身后王五跟随进來,但他不敢如此随便,挺立不动好似一支箭矢随时准备射出。
包一同微微皱眉,慢悠悠说道:“刚才李队长传來消息,八里庄里的叛匪沒有挪窝,你别自寻烦恼了。”
“包大人,这算什么话,战场上千变万化,作为一路人马的指挥官随时准备应变突发情况,这个你都不懂啊!”武可凡好似來到硝烟弥漫的战场,任谁都敢得罪,长官也要听他的话。
包一同沒有生气,长官这点涵养还是有的,武夫就是这样可爱,直脾气的人不怕死,态度和善的问道:“你们还沒有吃饭吧······我也沒吃,一块吃吧。”
武可凡拔一把地上的杂草擦手,把手上的泥土撸掉,算是洗过手了,一屁股坐下,笑道:“包大人不说,我也要在这里吃饭,只有这里有热汤啊!”
“包大人,我们大老远就闻到牛肉的香味了。”王五嘿嘿笑道,随即坐下,沒有客气。
包一同摇头苦笑,这么肮脏的动作让他看见,武夫不懂得卫生重要性,让他食欲大减。
牛皮帐里炭火熊熊,一锅子牛肉香气四溢,三人喝着香辣的肉牛汤御寒。
“哎,可惜沒有酒啊!”武可凡吃得头皮发痒,挠着头顶,极为不满的说:“想当初格老子是喝了三碗白酒冲上杭州城头,那一晚啊!我杀得手臂都抬不起來了,沒有那一晚杀戮,哪有今天的我呀,身上的伤疤留下五处,一到下雨天就疼。”
王五询问道:“老武,南京血战,你参加了吗?”
武可凡闻听此言,恼怒的把碗一放,汤都洒到旁边两人的身上,怒道:“王五以后不许提这件事,曾剃头假公济私,把最后一块肥肉全部给了他的弟弟曾国荃,等打完战以后,湖南那帮三角头的杂种,把财宝和女人用船运到湖南去了,现在官场上湖南帮最凶,就是因为他们捞够了资本。”

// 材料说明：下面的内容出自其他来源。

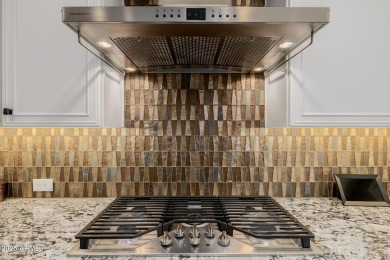 Step into luxury living with this beautifully appointed 2 bd, 2 on Trilogy Golf Club At Vistancia in Arizona - for sale on GolfHomes.com, golf home, golf lot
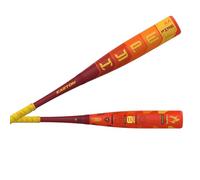 Easton Hype Fire -8 USSSA - Bate de béisbol Juvenil | 31 Pulgadas | -8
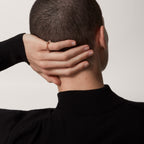 Bague Ecrou de Cartier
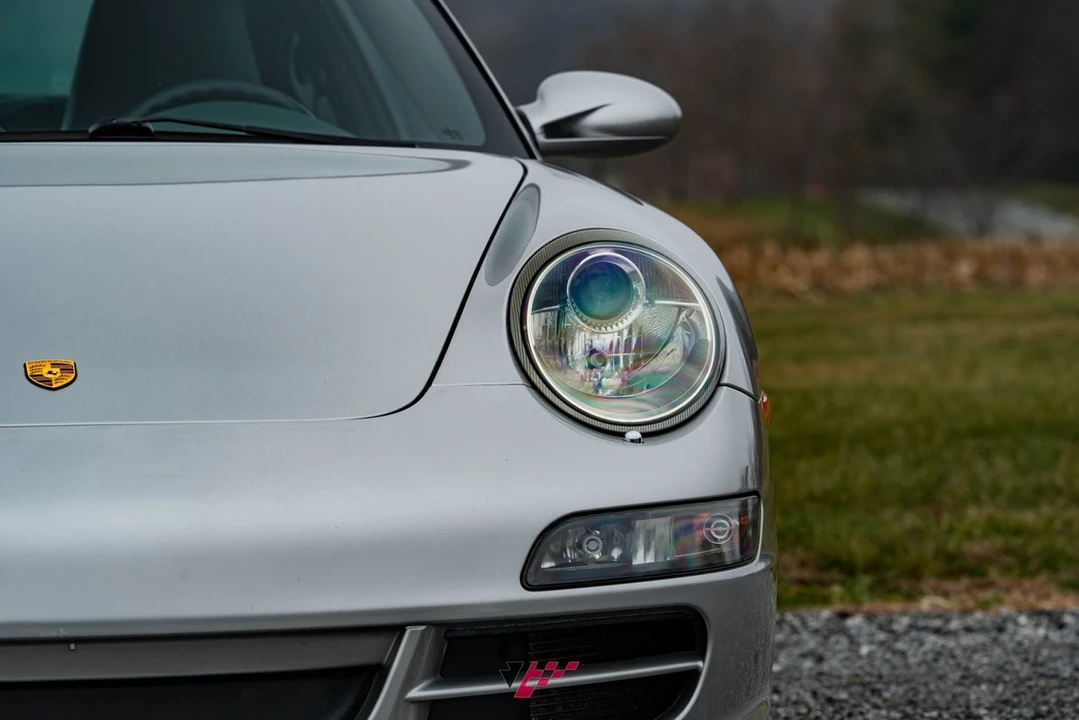 2006 Porsche 997 Carrera S - Image 16 of 21
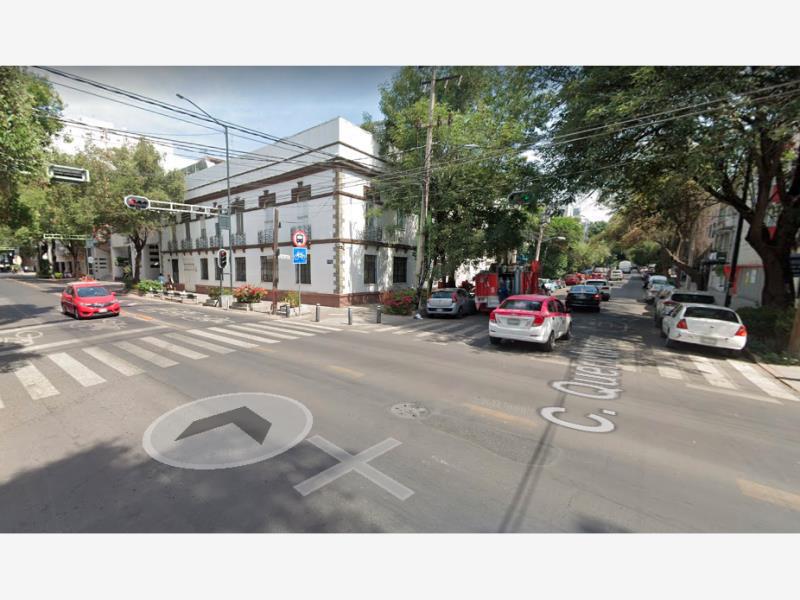 Foto de departamento en venta en queretaro 131, roma norte, cuauhtémoc, df / cdmx, 0 No. 03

王五放下大碗,狐疑道:“曾国藩不是死了吗?湖南人还有什么依靠。”
包一同摇头道:“王五,你不懂,湖南人其势已成,吃的苦、耐的烦、不怕死、办的蛮,他们现在孕育下一拨崛起,湖南人的精神,义无反顾,飞蛾扑火般冲锋陷阵,可怕之处在与太平天国对决时表现得淋漓尽致,大清帝国存亡就看湖南人的脸色,成也萧何败也萧何,懂吗?”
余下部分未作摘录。